This spring, in partnership with University Programs, FCLD again will be offering a seminar series designed to prepare instructors for online teaching and learning. The sessions are all on Fridays, and due to the library renovations, these will be held in the temporary Computer Lab, located on the lower level of Mortensen Library, based on the following schedule:
***NOTE: THE PREPARING TO TEACH ONLINE SERIES FOR THE SPRING 2017 SEMESTER IS NOW FULL. IF YOU WOULD LIKE TO ATTEND A FUTURE SERIES, WE ARE NOW TAKING WAITLIST PARTICIPANTS FOR A JUNE 2017 SERIES.***
Friday, February 17, 2017 1:30 p.m. – 2:30 p.m.
“What do I need to know to be an effective online instructor?” In this first seminar we will answer this question, as well as demonstrate best practices for transforming face-to-face courses into online courses, show examples of exemplary online courses and syllabi, build a Blackboard Learning Module, and share useful resources that will help you as you design your online course.
Friday, February 24, 2017 1:30 p.m. – 2:30 p.m.

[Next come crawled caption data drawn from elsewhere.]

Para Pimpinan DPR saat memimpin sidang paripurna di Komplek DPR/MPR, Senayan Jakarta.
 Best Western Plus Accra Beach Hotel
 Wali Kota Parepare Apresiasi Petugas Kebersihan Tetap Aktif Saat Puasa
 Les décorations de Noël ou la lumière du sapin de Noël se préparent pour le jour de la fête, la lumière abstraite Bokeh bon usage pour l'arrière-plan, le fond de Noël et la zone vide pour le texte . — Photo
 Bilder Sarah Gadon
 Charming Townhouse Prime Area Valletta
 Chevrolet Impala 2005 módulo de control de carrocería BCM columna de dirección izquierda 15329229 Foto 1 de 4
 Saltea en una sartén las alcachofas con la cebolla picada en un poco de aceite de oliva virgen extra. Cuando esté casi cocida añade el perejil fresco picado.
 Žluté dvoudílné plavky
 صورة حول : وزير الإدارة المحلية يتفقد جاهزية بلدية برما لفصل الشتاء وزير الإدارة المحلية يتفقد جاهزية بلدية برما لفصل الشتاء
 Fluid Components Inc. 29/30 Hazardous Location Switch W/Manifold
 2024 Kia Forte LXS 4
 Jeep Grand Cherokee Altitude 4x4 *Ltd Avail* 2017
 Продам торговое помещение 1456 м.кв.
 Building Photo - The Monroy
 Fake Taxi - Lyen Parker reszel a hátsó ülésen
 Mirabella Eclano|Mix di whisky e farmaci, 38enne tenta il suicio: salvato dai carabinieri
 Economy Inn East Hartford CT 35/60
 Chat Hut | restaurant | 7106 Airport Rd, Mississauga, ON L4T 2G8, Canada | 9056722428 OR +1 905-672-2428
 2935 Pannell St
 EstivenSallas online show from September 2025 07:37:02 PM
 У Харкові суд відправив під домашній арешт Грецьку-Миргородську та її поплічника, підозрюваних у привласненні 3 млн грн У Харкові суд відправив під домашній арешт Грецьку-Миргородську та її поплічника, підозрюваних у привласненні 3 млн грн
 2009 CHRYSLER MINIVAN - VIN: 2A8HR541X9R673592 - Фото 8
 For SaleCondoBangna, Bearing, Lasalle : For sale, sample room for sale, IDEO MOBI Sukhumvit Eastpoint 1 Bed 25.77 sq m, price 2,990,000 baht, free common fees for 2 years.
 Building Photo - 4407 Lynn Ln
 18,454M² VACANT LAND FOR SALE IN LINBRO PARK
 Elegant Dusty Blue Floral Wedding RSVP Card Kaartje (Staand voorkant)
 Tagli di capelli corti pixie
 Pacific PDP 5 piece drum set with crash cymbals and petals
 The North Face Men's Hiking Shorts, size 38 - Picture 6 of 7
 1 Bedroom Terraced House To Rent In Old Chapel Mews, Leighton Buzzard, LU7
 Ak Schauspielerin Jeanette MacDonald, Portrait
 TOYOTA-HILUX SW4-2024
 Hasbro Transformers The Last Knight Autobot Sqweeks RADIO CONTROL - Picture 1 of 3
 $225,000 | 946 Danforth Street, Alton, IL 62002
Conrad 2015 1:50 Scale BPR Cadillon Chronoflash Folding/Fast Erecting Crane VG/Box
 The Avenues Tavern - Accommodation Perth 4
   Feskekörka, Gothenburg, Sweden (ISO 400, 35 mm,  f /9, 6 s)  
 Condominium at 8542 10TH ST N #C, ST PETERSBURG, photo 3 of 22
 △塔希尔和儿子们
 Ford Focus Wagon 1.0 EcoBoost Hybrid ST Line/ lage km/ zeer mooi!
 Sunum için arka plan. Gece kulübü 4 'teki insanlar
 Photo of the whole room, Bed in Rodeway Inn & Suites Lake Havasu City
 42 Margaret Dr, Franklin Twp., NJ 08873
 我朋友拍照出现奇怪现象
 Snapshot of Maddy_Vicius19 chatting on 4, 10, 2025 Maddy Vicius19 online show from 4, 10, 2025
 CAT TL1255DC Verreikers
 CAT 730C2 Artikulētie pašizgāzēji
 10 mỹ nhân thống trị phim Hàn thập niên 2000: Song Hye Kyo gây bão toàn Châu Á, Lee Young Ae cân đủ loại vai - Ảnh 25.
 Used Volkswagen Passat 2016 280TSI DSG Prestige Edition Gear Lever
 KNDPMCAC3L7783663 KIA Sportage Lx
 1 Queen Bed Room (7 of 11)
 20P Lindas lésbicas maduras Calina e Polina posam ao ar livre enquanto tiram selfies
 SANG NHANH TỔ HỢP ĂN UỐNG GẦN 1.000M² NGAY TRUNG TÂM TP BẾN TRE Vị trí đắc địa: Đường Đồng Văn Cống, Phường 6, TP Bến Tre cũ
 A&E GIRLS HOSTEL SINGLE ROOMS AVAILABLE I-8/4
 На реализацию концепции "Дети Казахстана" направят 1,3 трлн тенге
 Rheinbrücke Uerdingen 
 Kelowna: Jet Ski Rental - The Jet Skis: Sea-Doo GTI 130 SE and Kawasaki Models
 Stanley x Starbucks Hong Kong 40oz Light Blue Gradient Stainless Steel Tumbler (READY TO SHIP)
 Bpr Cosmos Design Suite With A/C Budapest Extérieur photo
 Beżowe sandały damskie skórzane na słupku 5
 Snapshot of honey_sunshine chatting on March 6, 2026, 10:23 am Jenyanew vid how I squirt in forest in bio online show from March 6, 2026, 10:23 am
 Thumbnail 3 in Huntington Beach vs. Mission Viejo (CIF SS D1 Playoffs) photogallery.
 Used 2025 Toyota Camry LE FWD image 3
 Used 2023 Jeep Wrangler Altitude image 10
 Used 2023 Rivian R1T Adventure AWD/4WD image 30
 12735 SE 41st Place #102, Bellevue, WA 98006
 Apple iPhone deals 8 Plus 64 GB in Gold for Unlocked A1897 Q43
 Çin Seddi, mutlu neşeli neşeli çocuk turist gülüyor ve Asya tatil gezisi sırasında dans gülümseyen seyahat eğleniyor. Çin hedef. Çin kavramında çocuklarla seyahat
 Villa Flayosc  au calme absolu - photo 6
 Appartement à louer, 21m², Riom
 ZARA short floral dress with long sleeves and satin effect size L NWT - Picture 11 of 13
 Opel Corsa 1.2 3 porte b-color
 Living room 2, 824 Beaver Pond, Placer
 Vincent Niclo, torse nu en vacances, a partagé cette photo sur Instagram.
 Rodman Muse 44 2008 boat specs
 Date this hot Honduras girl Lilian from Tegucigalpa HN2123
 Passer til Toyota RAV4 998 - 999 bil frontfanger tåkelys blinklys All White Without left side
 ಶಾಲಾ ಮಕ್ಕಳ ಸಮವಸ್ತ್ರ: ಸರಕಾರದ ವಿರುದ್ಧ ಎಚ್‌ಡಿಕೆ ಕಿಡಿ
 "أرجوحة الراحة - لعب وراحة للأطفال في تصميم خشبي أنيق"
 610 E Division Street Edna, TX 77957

In this hands-on seminar, we will use Blackboard to apply what was discussed in week one. Participants will learn different ways to structure and organize course content, as well as use Blackboard Learning Modules to create easy-to-follow online lessons. Finally, we’ll explore the many diverse sources of ready-made course content readily available on the Internet.
Friday, March 10, 2017 1:30 p.m. – 2:30 p.m.
Just like any instruction, we need to be able to communicate with students, collect assignments, and facilitate group work such as case studies and projects. This seminar covers basic Blackboard tools that are essential for online instruction including Email, Announcements and Alerts, the Assignment Tool, and Blackboard Groups.
Friday, March 17, 2017 1:30 p.m. – 2:30 p.m.
Distance education means there is “a distance between learner and teacher which is not merely geographic, but educational and psychological as well” (Moore, 1983). One hallmark of a well-designed online course is that it uses interaction to close up this distance, building in lots of different ways for students to work together and form their own online community. During this seminar, participants will learn how to foster and encourage interactivity using tools such as the Discussion Board, Blogs, Wikis, Journals, and other non-Blackboard tools.
Friday, March 31, 2017 1:30 p.m. – 2:30 p.m.
Your course is designed, your content prepared and loaded, your instruction and assignments align with your objectives, there’s a good mix of media presented, and there are opportunities for collaboration and interaction -- but how will you inform your students about their progress? Grade Center! Learn basic and necessary house-keeping of Grade Center and ways to set up Grade Center to reflect your grading scenario. We’ll also demonstrate and discuss ways you can offer feedback and build in support for students into your course.
Friday, April 7, 2017 1:30 p.m. – 2:30 p.m.
Just because you are not face-to-face with your online students, it doesn't mean you can't 'talk' to them and be “present” with them. We’ll show you how to prepare audio and video clips so you can demonstrate worked problems, introduce a topic, summarize a complex issue, or even meet together once or twice. This session will offer a 'survey course' on tools that can help.
Friday, April 14, 2017 1:30 p.m. – 2:30 p.m.
One of the best ways to learn about teaching online is hearing about the experiences of instructors who have taught online in the past. University of Hartford instructors will share their online courses, tips, and tricks they’ve learned, as well as field questions from audience participants in this informal Q & A session.